UA booster takes a hit, but was it a backlash?

WALLY HALL
ARKANSAS DEMOCRAT-GAZETTE


No doubt, Arkansas Razorbacks fans are upset with Ted Harrod.
    Harrod has been banned for five years from all UA events for poor bookkeeping, and the UA has sacrificed three scholarships over the next two years because of it.
    Harrod, though, is like many fans. He thought he was helping.
    Oh sure, he's probably aggravated some people over the years because he used his influence to get sideline passes at football games.
    But that wasn't him waving the towel to get fans excited.
    That's his son, Ted Jr., who was a Sigma Phi Epsilon at the UA.
    Actually, anyone who has ever met Harrod would tell you, he's hard not to like.
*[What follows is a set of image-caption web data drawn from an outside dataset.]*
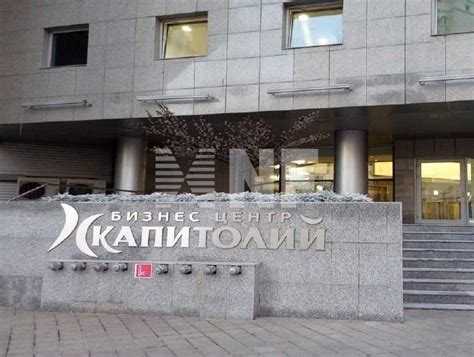 Питание и напитки в кинозале Каро 8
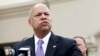 Homeland Security Chief: Global Terror Threat Has Entered ‘New Phase’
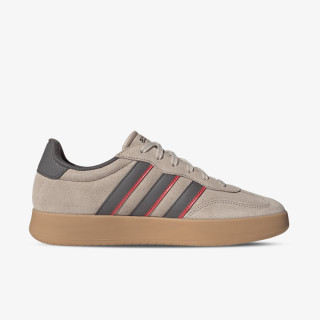 adidas Pantofi Sport Barreda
    He's engaging, humorous and intelligent.
    Admittedly, he has an air of mystery and an edge to him when it comes to business.
    He's shrewd and it would be easier to get information out of SEC Commissioner Roy Kramer than it is Harrod.
    He lives a simple life in a nice but modest home.
    He doesn't drive expensive imported cars or fly first-class.
    Apparently, though, he's got the ink to write a $300,000 check to help renovate the Broyles Complex if he wants.
    When Harrod was in the concrete and asphalt business, he poured the entire Dallas-Fort Worth Airport.
    We were introduced at the Great Alaskan Shootout in 1983 by Tom Gulley, a noted Little Rock eye doctor.
    A year later, Harrod and his late wife Jackie accompanied the Razorbacks basketball team to Japan.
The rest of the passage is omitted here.